Calculate the synchrotron emission and inverse Compton emission
for simulated radio halos.

References
----------
.. [cassano2005]
   Cassano & Brunetti 2005, MNRAS, 357, 1313
   http://adsabs.harvard.edu/abs/2005MNRAS.357.1313C
   Appendix.C

.. [era2016]
   Condon & Ransom 2016
   Essential Radio Astronomy
   https://science.nrao.edu/opportunities/courses/era/
   Chapter.5
"""

import logging

import numpy as np
import scipy.special
from scipy import integrate
from scipy import interpolate

from ...utils import COSMO
from ...utils.units import (Units as AU,
                            UnitConversions as AUC,
                            Constants as AC)
from ...utils.convert import Fnu_to_Tb_fast


logger = logging.getLogger(__name__)


class SynchrotronEmission:
    """
    Calculate the synchrotron emissivity from a given population
    of electrons.

    Parameters
    ----------
    gamma : `~numpy.ndarray`
        The Lorentz factors of electrons.
    n_e : `~numpy.ndarray`
        Electron number density spectrum.
        Unit: [cm^-3]
    z : float
        Redshift of the cluster/halo been observed/simulated.
    B : float
        The assumed uniform magnetic field within the cluster ICM.
        Unit: [uG]
    radius : float
        The radius of the halo, within which the uniform magnetic field
        and electron distribution are assumed.
        Unit: [kpc]
    """
    def __init__(self, gamma, n_e, z, B, radius):
        self.gamma = np.asarray(gamma)
        self.n_e = np.asarray(n_e)
        self.z = z
        self.B = B  # [uG]
        self.radius = radius  # [kpc]

    @property
    def B_gauss(self):
        """
        Magnetic field in unit of [G] (i.e., gauss)
        """
        return self.B * 1e-6  # [uG] -> [G]

    @property
    def frequency_larmor(self):
        """
        Electron Larmor frequency (a.k.a. gyro frequency):
            ν_L = e * B / (2*π * m0 * c) = e * B / (2*π * mec)
        =>  ν_L [MHz] = 2.8 * B [G]

        Unit: [MHz]
        """
        nu_larmor = AC.e * self.B_gauss / (2*np.pi * AU.mec)  # [Hz]
        return nu_larmor * 1e-6  # [Hz] -> [MHz]

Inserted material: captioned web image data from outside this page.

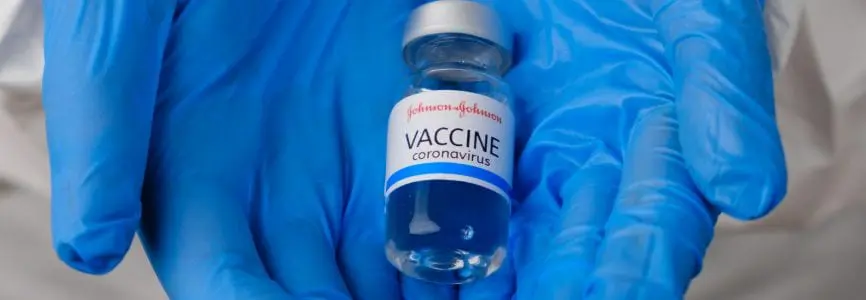 Johnson and johnson coronavirus vaccine in doctors or nurses hands in blue rubber gloves. Prevention of sars-cov-2 or Covid-19, January 2021, San Francisco, USA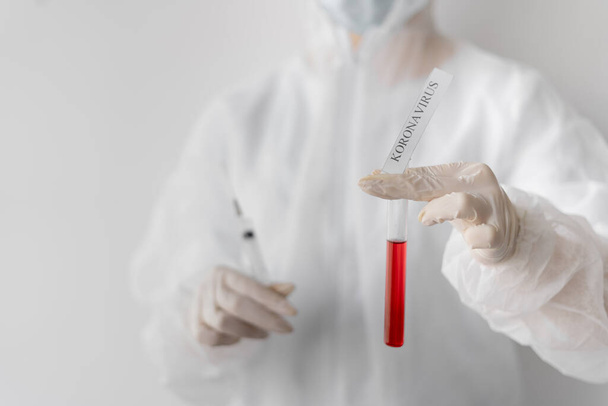 Ein Arzt oder Laborant im Schutzanzug hält ein Reagenzglas mit roter Flüssigkeit in der Hand. Die Inschrift Coronavirus im Labor. Vorsicht mögliche Infektion. Coronavirus 2019-nCoV-Impfstoff - Foto, Bild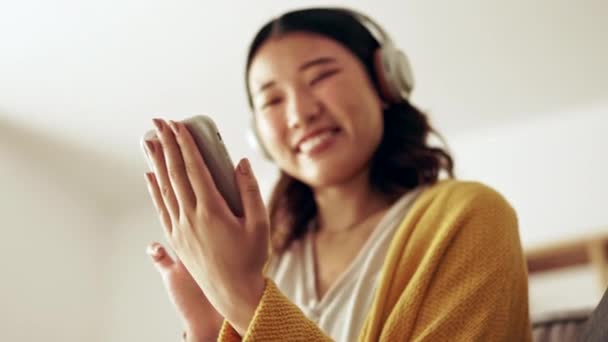 Manos de mujer, auriculares y teléfono en una sala de estar con la felicidad de la música y mensajes de texto. Inicio, sofá salón y la sonrisa de una mujer asiática y gen z sensación de estudiante relajarse de audio y podcast web. - Imágenes, Vídeo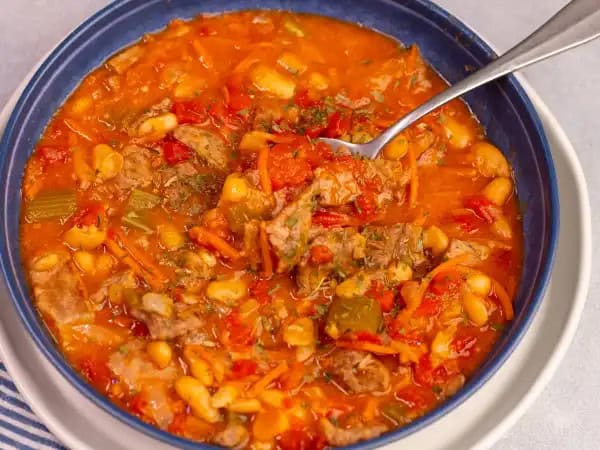 image 12767 - Nothing beats a big bowl of Wintertime Stew when the chill begins to settle in the air... except a warm fire to enjoy it with! Big chunks of savory, succulent, steak-seasoned beef help bulk up each spoonful, with plenty of creamy, protein-packed beans to add even more filling fun! Herbaceous, flavorful, and oh-so warming, Wintertime Stew casts the cold right out the door!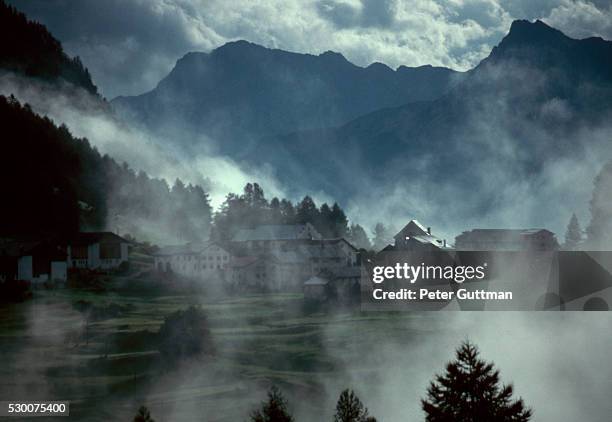 guarda in mist - guarda switzerland fotografías e imágenes de stock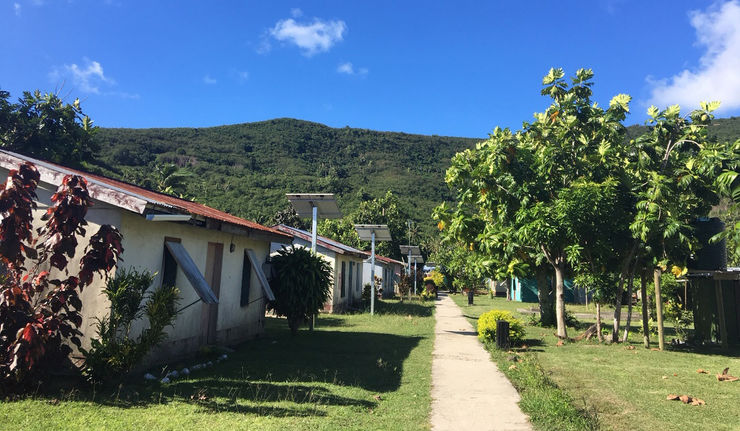 Solar cells on the houses in a village in Fiji.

    def frequency_crit(self, gamma, theta=np.pi/2):
        """
        Synchrotron critical frequency.

        Critical frequency:
            ν_c = (3/2) * γ^2 * sin(θ) * ν_L

        Parameters
        ----------
        gamma : `~numpy.ndarray`
            Electron Lorentz factors γ
        theta : `~numpy.ndarray`, optional
            The angles between the electron velocity and the magnetic field.
            Unit: [rad]

        Returns
        -------
        nu_c : `~numpy.ndarray`
            Critical frequencies
            Unit: [MHz]
        """
        nu_c = 1.5 * gamma**2 * np.sin(theta) * self.frequency_larmor
        return nu_c

    def F(self, x):
        """
        Synchrotron kernel function.

        NOTE
        ----
        * Use interpolation to optimize the speed, also avoid instabilities
          near the lower end (e.g., x < 1e-5).
        * Interpolation also helps vectorize this function for easier calling.
        * Cache the interpolation results, since this function will be called
          multiple times for each frequency.

        Parameters
        ----------
        x : `~numpy.ndarray`
            Points where to calculate the kernel function values.
            NOTE: X values will be bounded, e.g., within [1e-5, 20]

        Returns
        -------
        y : `~numpy.ndarray`
            Calculated kernel function values.
        """
        if not hasattr(self, "_F_interp"):
            # Interpolate the kernel function and cache the results
            #
            # The lower and upper cuts
            xmin = 1e-5
            xmax = 20.0
            # Number of samples within [xmin, xmax]
            # NOTE: this kernel function is quiet smooth and slow-varying.
            nsamples = 128
            # Make an interpolation
            xx = np.logspace(np.log10(xmin), np.log10(xmax), num=nsamples)
            Fxx = [xp * integrate.quad(lambda t: scipy.special.kv(5/3, t),
                                       a=xp, b=np.inf)[0]
                   for xp in xx]
            self._F_interp = interpolate.interp1d(xx, Fxx, kind="quadratic")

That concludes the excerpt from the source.